Green Party Cork City Councillor Dan Boyle
It is midweek in the middle of August. Instinct would indicate that not a lot should be happening, and certainly a lot less.
I’m calling to a number of residents at their request. One has a planning concern. They physically want me to see the nature of that concern. The other has an issue with housing maintenance.
Between visits I engage in an email correspondence with a Director of Service on why there is seeming reluctance and unnecessary delay, in opening a gate that would allow pedestrian and cyclist access to an amenity park.
I’m also making contact with another official trying to organise a speaker on biodiversity for an imminent meeting.
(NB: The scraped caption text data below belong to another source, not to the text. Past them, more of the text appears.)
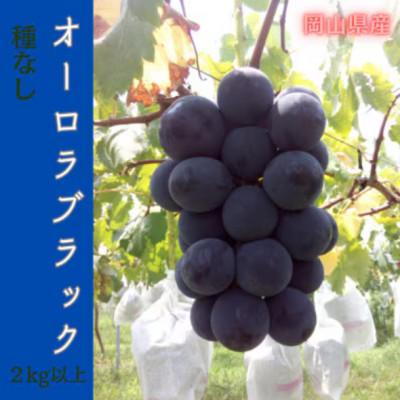 ふるさと納税 津山市 [2026年先行予約]岡山のぶどう(オーロラブラック)2kg(4〜5房)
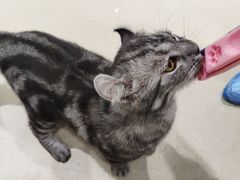 -藏猫猫咖啡主题馆(中央大道店)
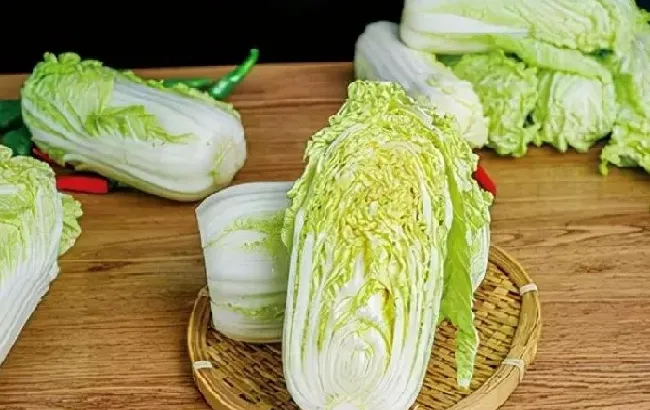 植物百科|娃娃菜是白菜心吗
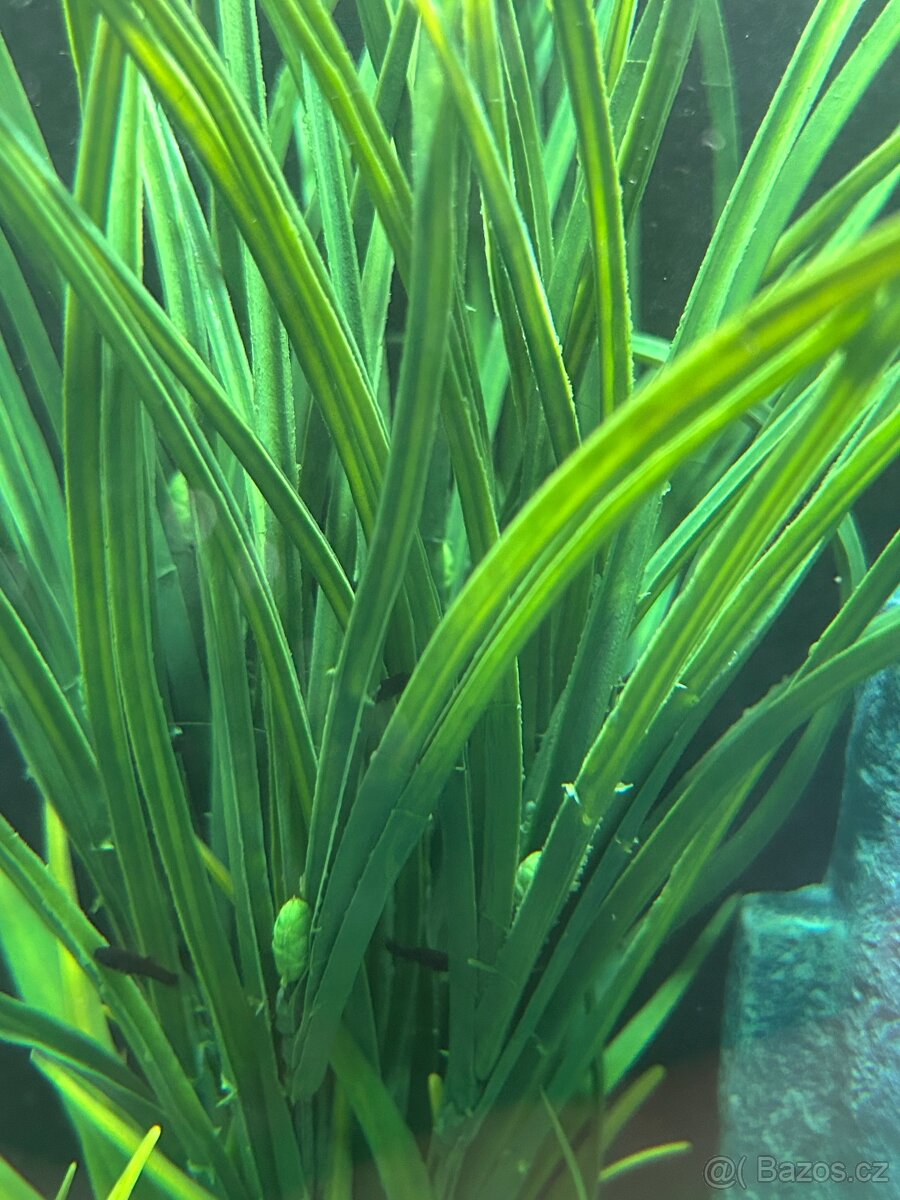 Daruji akvarijní rybičky Black Molly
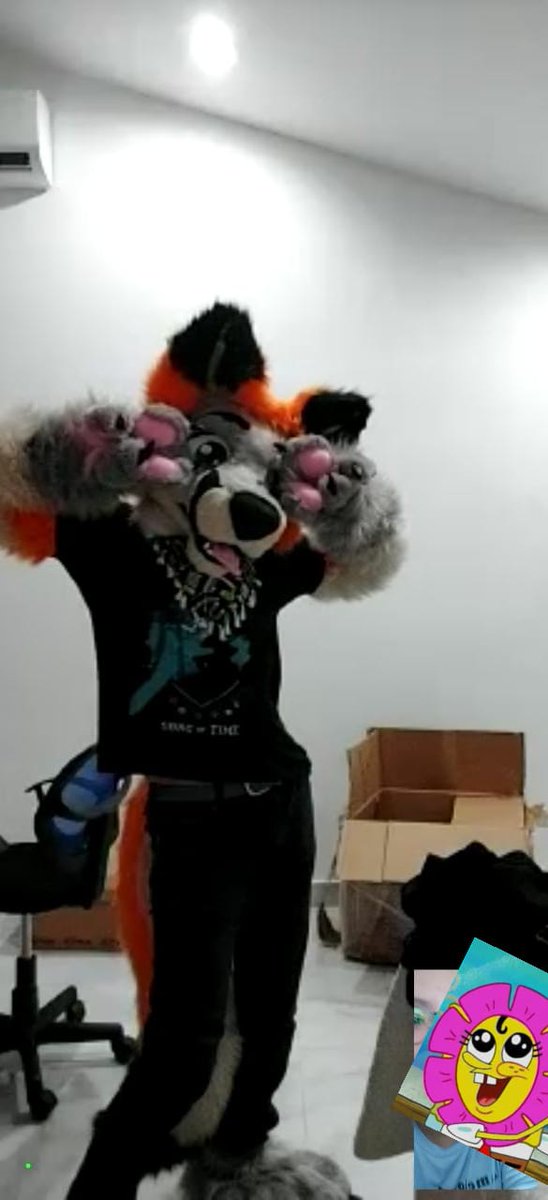 tinyproto's tweet photo. The quality is a bit rough because we were on a call, but my SO helped me get some more cute pics >u< #fursuit #furry #FursuitFriday https://t.co/JxHEHd24Jj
A local journalist phones to ask for comment on footpath renewals and on the purchase by the City Council of bollards to install along cycleways.
A migrant rings to ask for help in relation to a number of difficulties he is experiencing.
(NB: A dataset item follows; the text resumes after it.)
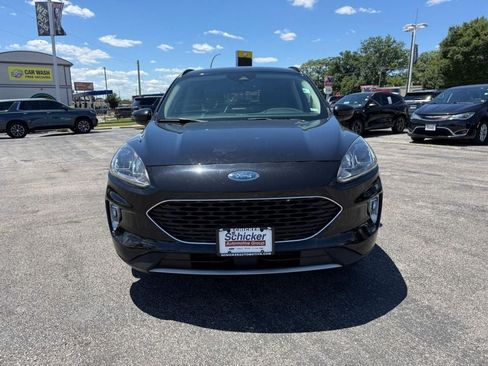 Used 2020 Ford Escape SEL FWD image 10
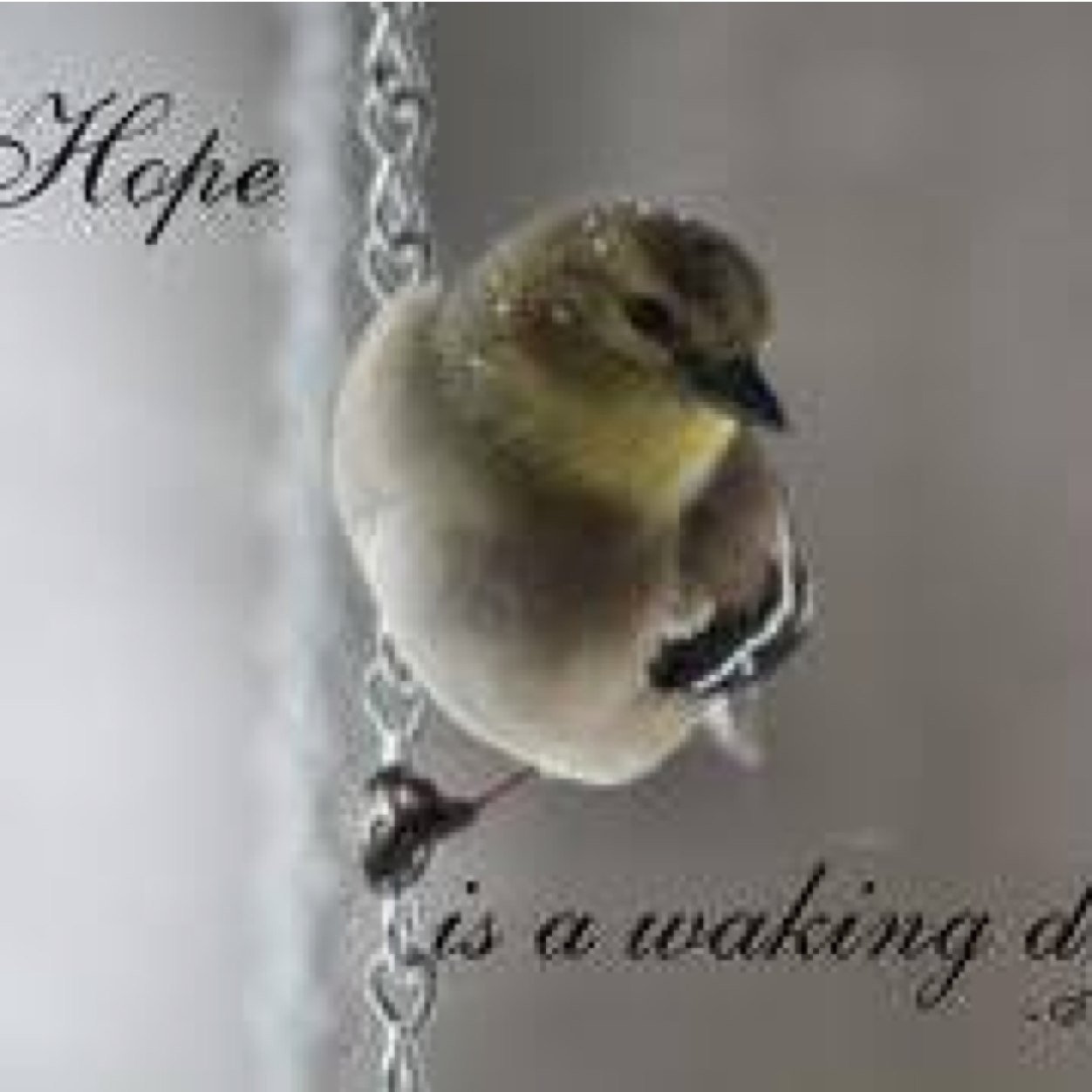 IAmRitaMarie's profile picture. When you change the way you look at things, the things you look at change. - Dr. Wayne Dyer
It’s just another day in the life of a local councillor. Always interesting, often frustrating, knowingly and gladly entered into.
The last government commissioned a report to discover what was the workload of elected local representatives, and if that work was being appropriately remunerated. A member of the judiciary was appointed to examine this task.
The Moorehead Report has worked out that, on average, councillors work 33 hours a week. Some more, some obviously less.
Most combine being a public representative with paid employment/self employment. Up to a quarter though act as full time public representatives.
I am one such councillor myself. My circumstances allow me to be so. As someone older and without a need to directly support dependents, my income is adequate, my needs are sufficient.
For others though, first time younger councillors, the expectation of the workload is not matched by income.
Base salary for local councillors in Ireland is about €17000. With expenses this can rise to €25000. The Moorhead Report suggests these should be converted into salary. This has been presented in the media as an €8000 increase, which of course it isn’t.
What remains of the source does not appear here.